__WHAT THE EXERCISE ASKS__.
Begin with the line that contains "Leeg trainingsveld van" and transcribe each line after it, up to and including the last line of the listing below.

__EXCERPTED RECORDS__.

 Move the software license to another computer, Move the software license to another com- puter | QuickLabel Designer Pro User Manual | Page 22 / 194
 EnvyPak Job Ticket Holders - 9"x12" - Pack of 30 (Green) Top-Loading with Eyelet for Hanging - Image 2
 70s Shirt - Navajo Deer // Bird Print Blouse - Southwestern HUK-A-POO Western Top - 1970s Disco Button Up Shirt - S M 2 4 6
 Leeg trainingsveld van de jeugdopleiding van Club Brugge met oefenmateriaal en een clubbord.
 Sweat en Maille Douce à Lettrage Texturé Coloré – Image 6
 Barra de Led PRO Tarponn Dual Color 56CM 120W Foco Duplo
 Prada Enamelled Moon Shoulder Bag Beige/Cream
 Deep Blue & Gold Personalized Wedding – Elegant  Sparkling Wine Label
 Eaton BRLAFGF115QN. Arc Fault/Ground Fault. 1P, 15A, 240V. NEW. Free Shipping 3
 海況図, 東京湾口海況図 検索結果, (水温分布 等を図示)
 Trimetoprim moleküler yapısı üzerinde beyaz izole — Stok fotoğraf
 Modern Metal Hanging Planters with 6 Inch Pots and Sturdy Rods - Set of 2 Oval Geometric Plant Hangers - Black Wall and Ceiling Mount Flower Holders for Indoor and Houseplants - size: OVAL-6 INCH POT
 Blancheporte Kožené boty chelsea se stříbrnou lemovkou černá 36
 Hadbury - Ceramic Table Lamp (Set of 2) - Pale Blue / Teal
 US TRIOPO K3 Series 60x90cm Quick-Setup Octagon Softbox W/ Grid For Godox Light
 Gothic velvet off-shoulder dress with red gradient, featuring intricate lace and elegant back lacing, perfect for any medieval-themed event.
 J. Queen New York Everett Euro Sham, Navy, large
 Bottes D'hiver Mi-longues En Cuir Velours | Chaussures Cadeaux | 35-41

__OUTPUT OF THE TASK__.
 Leeg trainingsveld van de jeugdopleiding van Club Brugge met oefenmateriaal en een clubbord.
 Sweat en Maille Douce à Lettrage Texturé Coloré – Image 6
 Barra de Led PRO Tarponn Dual Color 56CM 120W Foco Duplo
 Prada Enamelled Moon Shoulder Bag Beige/Cream
 Deep Blue & Gold Personalized Wedding – Elegant  Sparkling Wine Label
 Eaton BRLAFGF115QN. Arc Fault/Ground Fault. 1P, 15A, 240V. NEW. Free Shipping 3
 海況図, 東京湾口海況図 検索結果, (水温分布 等を図示)
 Trimetoprim moleküler yapısı üzerinde beyaz izole — Stok fotoğraf
 Modern Metal Hanging Planters with 6 Inch Pots and Sturdy Rods - Set of 2 Oval Geometric Plant Hangers - Black Wall and Ceiling Mount Flower Holders for Indoor and Houseplants - size: OVAL-6 INCH POT
 Blancheporte Kožené boty chelsea se stříbrnou lemovkou černá 36
 Hadbury - Ceramic Table Lamp (Set of 2) - Pale Blue / Teal
 US TRIOPO K3 Series 60x90cm Quick-Setup Octagon Softbox W/ Grid For Godox Light
 Gothic velvet off-shoulder dress with red gradient, featuring intricate lace and elegant back lacing, perfect for any medieval-themed event.
 J. Queen New York Everett Euro Sham, Navy, large
 Bottes D'hiver Mi-longues En Cuir Velours | Chaussures Cadeaux | 35-41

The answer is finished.